I’m updating a project (setting up a disposable dev environment) from ansible 1.6.2 to 1.7. (Installed and upgraded using pip into a venv).
I’ve been setting up a user on the host that I’m configuring, with a full set of files in .ssh for things like the config (to assign an alias to github), known_hosts, and my key to connect to github.
I have a play that used to look like:
- name: Clone repositories
git: force=no
repo=ssh://gh/me/{{ item }}.git
dest=/home/foo/projects={{ item }}
key_file=/home/foo/.ssh/github_key
recursive=yes
update=yes
accept_hostkey=yes
with_items: - bar
- baz
- quux
After the upgrade, I started getting this error from each repo:
failed: [host] => (item=…) => {“failed”: true, “item”: “…”}
msg: failed to add gh hostkey: getaddrinfo gh: No address associated with hostname
Getting rid of accept_hostkey=yes switched the error message to:
msg: gh has an unknown hostkey.

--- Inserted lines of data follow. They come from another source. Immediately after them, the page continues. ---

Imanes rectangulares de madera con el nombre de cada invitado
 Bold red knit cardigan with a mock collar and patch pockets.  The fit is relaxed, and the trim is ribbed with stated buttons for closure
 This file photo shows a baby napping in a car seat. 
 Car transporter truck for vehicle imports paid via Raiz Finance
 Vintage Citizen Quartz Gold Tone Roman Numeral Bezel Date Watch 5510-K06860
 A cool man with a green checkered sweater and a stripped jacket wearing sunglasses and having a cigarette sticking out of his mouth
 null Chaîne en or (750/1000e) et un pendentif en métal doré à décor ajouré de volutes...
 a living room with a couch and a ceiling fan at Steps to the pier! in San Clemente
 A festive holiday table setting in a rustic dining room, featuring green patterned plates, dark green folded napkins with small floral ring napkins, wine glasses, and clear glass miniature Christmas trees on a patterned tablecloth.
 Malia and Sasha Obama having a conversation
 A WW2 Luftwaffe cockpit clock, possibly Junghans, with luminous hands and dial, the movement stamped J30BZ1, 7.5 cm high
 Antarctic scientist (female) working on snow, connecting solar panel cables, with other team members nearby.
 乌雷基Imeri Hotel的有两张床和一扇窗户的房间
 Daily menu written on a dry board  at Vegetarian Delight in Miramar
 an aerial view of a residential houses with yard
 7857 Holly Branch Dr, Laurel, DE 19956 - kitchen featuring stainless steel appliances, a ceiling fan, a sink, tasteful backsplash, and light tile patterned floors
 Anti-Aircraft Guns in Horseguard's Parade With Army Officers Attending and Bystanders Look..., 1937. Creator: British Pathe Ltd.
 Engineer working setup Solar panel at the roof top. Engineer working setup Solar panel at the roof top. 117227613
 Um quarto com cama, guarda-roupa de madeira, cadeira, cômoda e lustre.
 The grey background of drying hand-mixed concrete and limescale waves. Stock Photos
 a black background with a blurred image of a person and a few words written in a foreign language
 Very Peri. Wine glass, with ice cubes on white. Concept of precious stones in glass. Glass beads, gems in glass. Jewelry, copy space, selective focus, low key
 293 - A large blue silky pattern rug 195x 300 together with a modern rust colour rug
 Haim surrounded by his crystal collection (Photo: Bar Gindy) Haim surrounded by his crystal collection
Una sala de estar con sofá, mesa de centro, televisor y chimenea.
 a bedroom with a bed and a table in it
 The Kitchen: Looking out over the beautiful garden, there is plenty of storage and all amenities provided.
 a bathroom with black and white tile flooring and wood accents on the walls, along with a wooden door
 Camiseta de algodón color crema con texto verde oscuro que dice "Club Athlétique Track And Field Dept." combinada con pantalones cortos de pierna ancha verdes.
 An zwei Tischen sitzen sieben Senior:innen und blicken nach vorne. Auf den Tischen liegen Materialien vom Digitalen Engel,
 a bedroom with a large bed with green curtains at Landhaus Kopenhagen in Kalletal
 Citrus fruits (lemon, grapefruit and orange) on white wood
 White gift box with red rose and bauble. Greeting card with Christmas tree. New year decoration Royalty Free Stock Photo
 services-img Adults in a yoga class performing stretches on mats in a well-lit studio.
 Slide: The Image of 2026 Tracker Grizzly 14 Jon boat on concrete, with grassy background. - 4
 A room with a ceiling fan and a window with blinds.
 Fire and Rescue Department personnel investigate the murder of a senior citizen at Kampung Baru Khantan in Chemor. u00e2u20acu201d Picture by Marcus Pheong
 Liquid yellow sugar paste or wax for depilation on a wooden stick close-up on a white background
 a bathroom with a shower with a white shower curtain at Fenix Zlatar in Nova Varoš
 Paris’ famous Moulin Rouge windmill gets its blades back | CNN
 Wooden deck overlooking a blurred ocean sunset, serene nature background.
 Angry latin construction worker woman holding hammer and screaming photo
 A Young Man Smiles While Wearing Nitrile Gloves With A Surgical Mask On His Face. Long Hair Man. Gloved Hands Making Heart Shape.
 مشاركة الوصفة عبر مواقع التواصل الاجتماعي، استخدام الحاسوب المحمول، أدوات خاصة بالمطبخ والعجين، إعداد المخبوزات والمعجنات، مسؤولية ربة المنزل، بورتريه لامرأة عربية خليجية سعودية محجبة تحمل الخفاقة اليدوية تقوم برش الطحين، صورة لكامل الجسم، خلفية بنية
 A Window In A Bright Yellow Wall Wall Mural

Set accept_hostkey to True or manually add the hostkey prior to running the git module
I did notice some messages about adding 192.30.252.128 (along with .130) to my list of known_hosts when
I ssh’d in or cloned the repo manually. (That doesn’t seem relevant, but the address looked suspicious to me).
The host that I’m configuring is running ubuntu trusty, inside an lxc.
Changing the repo address to ssh://git@github.com/me/{{ item }}.git seemed to have fixed the problem at first glance.
But now I can’t actually connect to any of those projects that I just cloned. “Permission denied (publickey).”
I can go through and run “git set-url” on each repo to go back to using what I think I actually want, but that’s a huge part of the pain I use ansible to avoid.
Have I missed something about this over the past few months? Or in the docs? Is this intended behavior and I’m missing something obvious?